The reaction CO(g) + ½O₂(g) → CO₂(g) has ΔH = −283.0 kJ. You need to use this reaction in reverse (CO₂ → CO + ½O₂) in a Hess's Law calculation. What ΔH do you assign to the reversed reaction?
A−283.0 kJ, because ΔH is a property of the reaction, not the direction
B+283.0 kJ, because reversing the reaction flips the sign of ΔH
C−141.5 kJ, because reversal halves the enthalpy change
D0 kJ, because the CO₂ that forms is immediately consumed
When you reverse a reaction, you reverse the direction of heat flow: a reaction that releases 283.0 kJ now requires 283.0 kJ. Mathematically, ΔH_reverse = −ΔH_forward. This follows directly from enthalpy being a state function — the enthalpy difference between two states has equal magnitude but opposite sign depending on which direction you traverse it. The most common error in Hess's Law problems is forgetting to flip the sign when reversing, leading to incorrect final ΔH values.
Question 2 Multiple Choice
A chemist needs ΔH for the reaction: 2C(s) + 2H₂(g) → C₂H₄(g). This reaction is difficult to measure directly because combustion of carbon always produces CO₂ rather than pure ethylene. Why can Hess's Law solve this problem?
AHess's Law allows the chemist to estimate ΔH from bond energies alone, without using any measured data
BBecause enthalpy is a state function, ΔH depends only on the initial and final states — so the target ΔH can be calculated by combining measured ΔH values of other reactions in which the same substances appear
CThe chemist can run the reaction at very high pressure to force complete conversion to ethylene and measure ΔH directly
DHess's Law applies only to combustion reactions, so it is not directly applicable here
Hess's Law works because enthalpy is a state function: it depends on the identities and states of reactants and products, not on the pathway connecting them. This means ΔH for 2C + 2H₂ → C₂H₄ is fixed regardless of how you get there — including imaginary multi-step paths through measurable intermediate reactions (combustion of carbon, combustion of hydrogen, combustion of ethylene). As long as the measurable reactions can be combined so that intermediate species cancel and only 2C, 2H₂, and C₂H₄ remain, their summed ΔH values equal the target reaction's ΔH. The path is irrelevant; only the endpoint states matter.
Question 3 True / False
Multiplying a balanced chemical equation by a factor of 3 requires multiplying its ΔH by 3 as well.
TTrue
FFalse
Answer: True
ΔH is an extensive property — it scales with the amount of matter reacting. If the reaction A + B → C has ΔH = −100 kJ, this means 100 kJ is released per mole of reaction as written. If you triple the equation (3A + 3B → 3C), three times as many moles react and three times as much heat is released: ΔH = −300 kJ. This scaling is essential in Hess's Law calculations: when you multiply a reaction to cancel an intermediate, you must apply the same multiplier to ΔH.
Question 4 True / False
Hess's Law mainly applies when reactions proceed through the same intermediate steps, since the intermediate compounds should cancel for the law to work.
TTrue
FFalse
Answer: False
This reverses the logic of Hess's Law.
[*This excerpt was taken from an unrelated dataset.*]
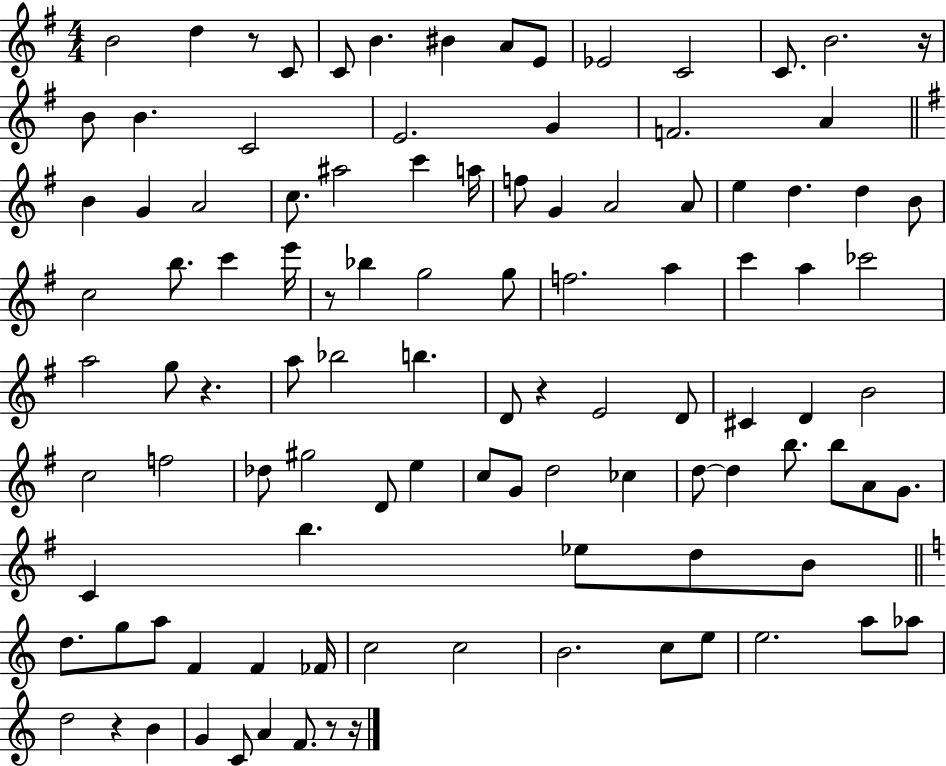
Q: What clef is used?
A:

The law states that ΔH is the same regardless of the pathway — including any imaginary multi-step paths through intermediates that don't exist in the actual reaction mechanism. The intermediates in a Hess's Law calculation are mathematical constructs used to connect known measurable reactions to the target reaction; they need not reflect any actual reaction mechanism. In fact, the whole power of Hess's Law is that you can construct a purely mathematical path through convenient intermediates specifically to cancel them out algebraically, without those intermediates ever appearing in the real reaction.
Question 5 Short Answer
Why does the state-function nature of enthalpy make it possible to calculate ΔH for any reaction from a set of known reactions, even if the target reaction has never been performed?
Think about your answer, then reveal below.
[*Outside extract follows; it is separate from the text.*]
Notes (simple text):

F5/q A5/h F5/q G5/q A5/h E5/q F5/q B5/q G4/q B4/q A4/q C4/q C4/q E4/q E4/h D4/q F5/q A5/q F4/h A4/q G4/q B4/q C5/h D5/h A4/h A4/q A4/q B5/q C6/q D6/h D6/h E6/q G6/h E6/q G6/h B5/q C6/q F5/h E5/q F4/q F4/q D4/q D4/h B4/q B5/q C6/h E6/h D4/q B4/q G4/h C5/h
Model answer: A state function depends only on the current state of the system (temperature, pressure, composition), not on the history of how it got there. For enthalpy, this means ΔH for going from state A to state B is fixed — it equals H(B) − H(A) regardless of whether you go directly from A to B or via states C, D, and E along the way. This allows any multi-step path to serve as a proxy for the unmeasurable direct path. As long as you can construct a series of reactions — by reversing some and multiplying others — such that everything except the target reactants and products cancels algebraically, the sum of their ΔH values equals the ΔH of the direct (unmeasurable) reaction. You are simply exploiting the fact that H is a well-defined function of state, not of path.
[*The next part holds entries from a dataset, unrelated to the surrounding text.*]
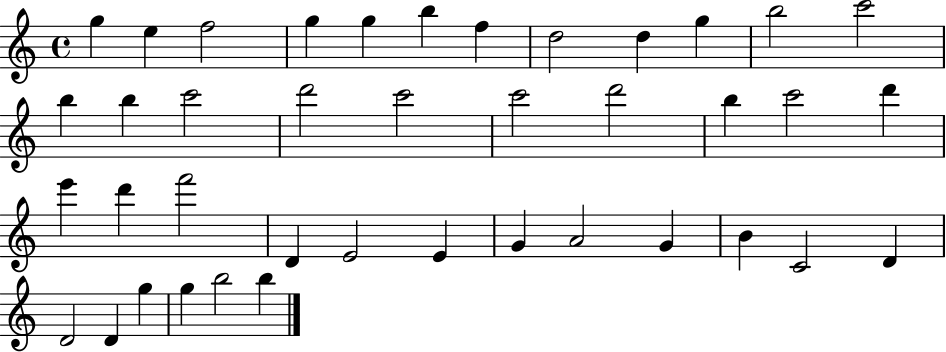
X:1
T:Untitled
M:4/4
L:1/4
K:C
g e f2 g g b f d2 d g b2 c'2 b b c'2 d'2 c'2 c'2 d'2 b c'2 d' e' d' f'2 D E2 E G A2 G B C2 D D2 D g g b2 b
The contrast with a path-dependent quantity is illuminating. If you drove from city A to city B via different routes, the distance traveled would vary by route — distance is path-dependent. But the change in altitude from A to B is path-independent — you gain the same net elevation regardless of which road you take. Enthalpy is analogous to altitude: only the start and end states matter, not the route. Hess's Law is the direct application of this path-independence to thermochemical calculations.